Using the described siamese network structure and fine-tuning mechanism substantially improves the correlation, outperforming both InferSent and Universal Sentence Encoder substantially. The only dataset where SBERT performs worse than Universal Sentence Encoder is SICK-R. Universal Sentence Encoder was trained on various datasets, including news, question-answer pages and discussion forums, which appears to be more suitable to the data of SICK-R. In contrast, SBERT was pre-trained only on Wikipedia (via BERT) and on NLI data.

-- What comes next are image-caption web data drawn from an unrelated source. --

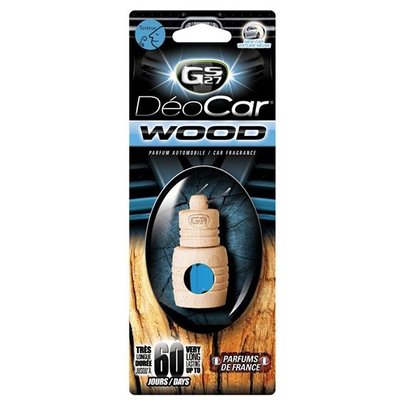 DEOCAR-Wood-New-Car-GS27-309297-02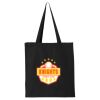 14L Shopping Bag Vignette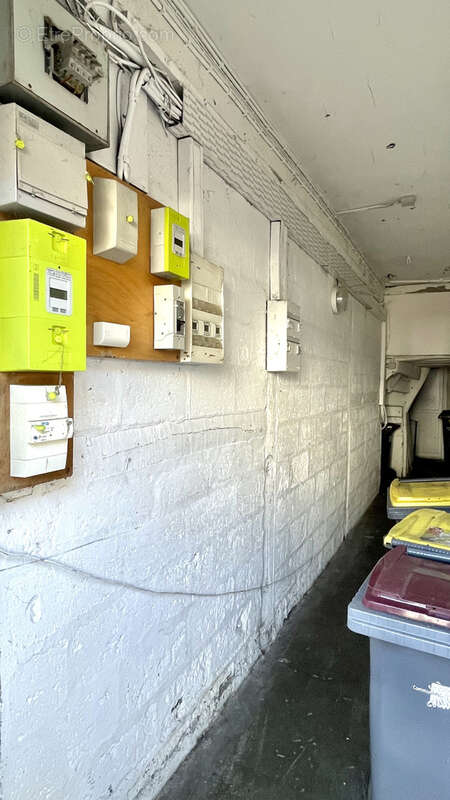 Appartement à CONCHES-EN-OUCHE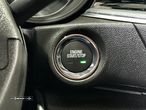 Opel Insignia Grand Sport 1.6 ECOTEC Diesel Business Edition - 27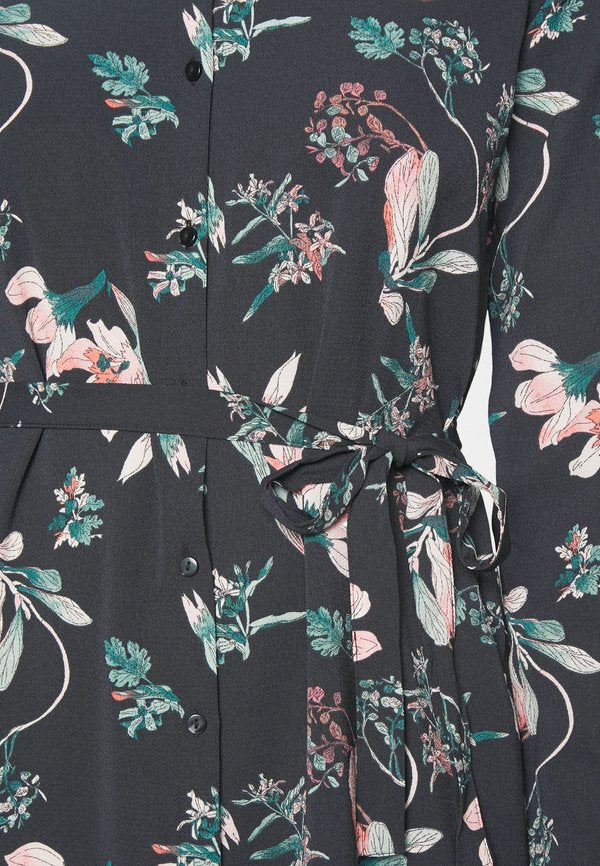 Vero Moda Tall VMSAGA DRESS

While RoBERTa was able to improve the performance for several supervised tasks, we only observe minor difference between SBERT and SRoBERTa for generating sentence embeddings.

4.2 Supervised STS

The STS benchmark (STSb) [11] provides is a popular dataset to evaluate supervised STS systems. The data includes 8, 628 sentence pairs from the three categories captions, news, and forums. It is divided into train (5, 749), dev (1, 500) and test (1, 379). BERT set a new state-of-the-art performance on this dataset by passing both sentences to the network and using a simple regression method for the output.

::: {caption="Table 2: Evaluation on the STS benchmark test set. BERT systems were trained with 10 random seeds and 4 epochs. SBERT was fine-tuned on the STSb dataset, SBERT-NLI was pretrained on the NLI datasets, then fine-tuned on the STSb dataset."}

:::

We use the training set to fine-tune SBERT using the regression objective function. At prediction time, we compute the cosine-similarity between the sentence embeddings. All systems are trained with 10 random seeds to counter variances [30].

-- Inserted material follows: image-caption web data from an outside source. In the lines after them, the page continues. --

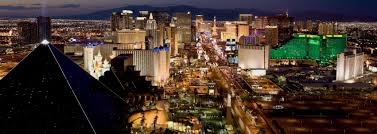 Use the tab key to navigate the job list. Jobs In Las Vegas Mgm Resorts International Careers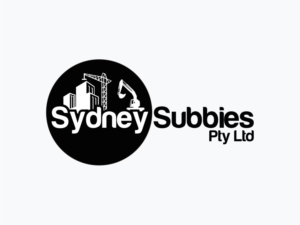 Logo Design by kokoriko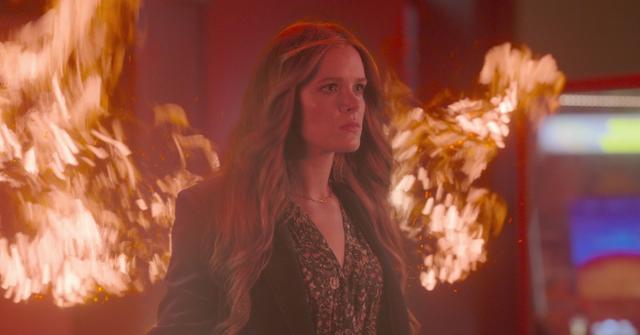 'Fate: The Winx Saga'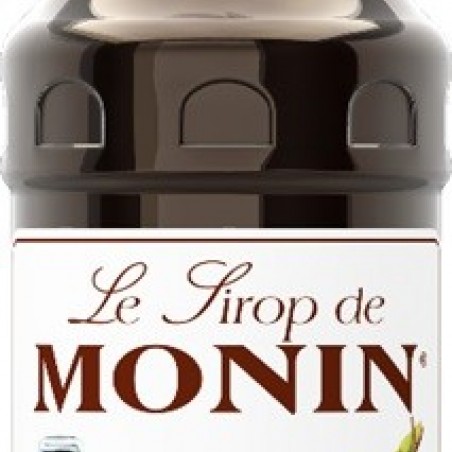 CHOCOLAT COOKIE MONIN 70 CL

The results are depicted in Table 2. We experimented with two setups: Only training on STSb, and first training on NLI, then training on STSb. We observe that the later strategy leads to a slight improvement of 1-2 points. This two-step approach had an especially large impact for the BERT cross-encoder, which improved the performance by 3-4 points. We do not observe a significant difference between BERT and RoBERTa.

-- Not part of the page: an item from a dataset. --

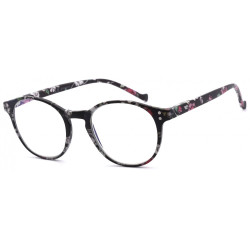 Reading glasses NV4622 C3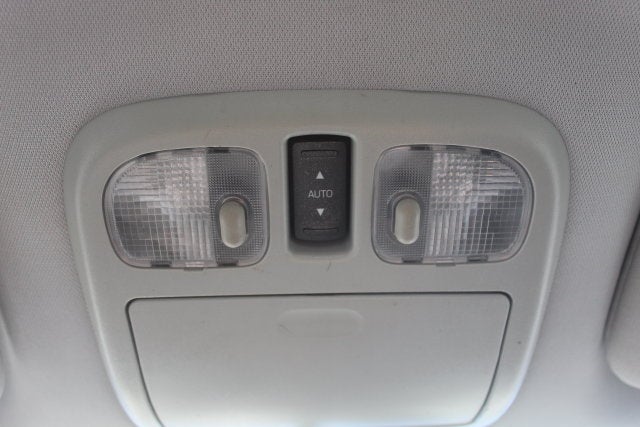 2012 Lincoln MKZ Hybrid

4.3 Argument Facet Similarity

We evaluate SBERT on the Argument Facet Similarity (AFS) corpus by [8]. The AFS corpus annotated 6, 000 sentential argument pairs from social media dialogs on three controversial topics: gun control, gay marriage, and death penalty. The data was annotated on a scale from 0 ("different topic") to 5 ("completely equivalent"). The similarity notion in the AFS corpus is fairly different to the similarity notion in the STS datasets from SemEval. STS data is usually descriptive, while AFS data are argumentative excerpts from dialogs. To be considered similar, arguments must not only make similar claims, but also provide a similar reasoning. Further, the lexical gap between the sentences in AFS is much larger. Hence, simple unsupervised methods as well as state-of-the-art STS systems perform badly on this dataset [31].

We evaluate SBERT on this dataset in two scenarios: 1) As proposed by Misra et al., we evaluate SBERT using 10-fold cross-validation. A draw-back of this evaluation setup is that it is not clear how well approaches generalize to different topics. Hence, 2) we evaluate SBERT in a cross-topic setup. Two topics serve for training and the approach is evaluated on the left-out topic. We repeat this for all three topics and average the results.

SBERT is fine-tuned using the Regression Objective Function. The similarity score is computed using cosine-similarity based on the sentence embeddings. We also provide the Pearson correlation $r$ to make the results comparable to Misra et al. However, we showed [29] that Pearson correlation has some serious drawbacks and should be avoided for comparing STS systems. The results are depicted in Table 3.

Unsupervised methods like tf-idf, average GloVe embeddings or InferSent perform rather badly on this dataset with low scores. Training SBERT in the 10-fold cross-validation setup gives a performance that is nearly on-par with BERT.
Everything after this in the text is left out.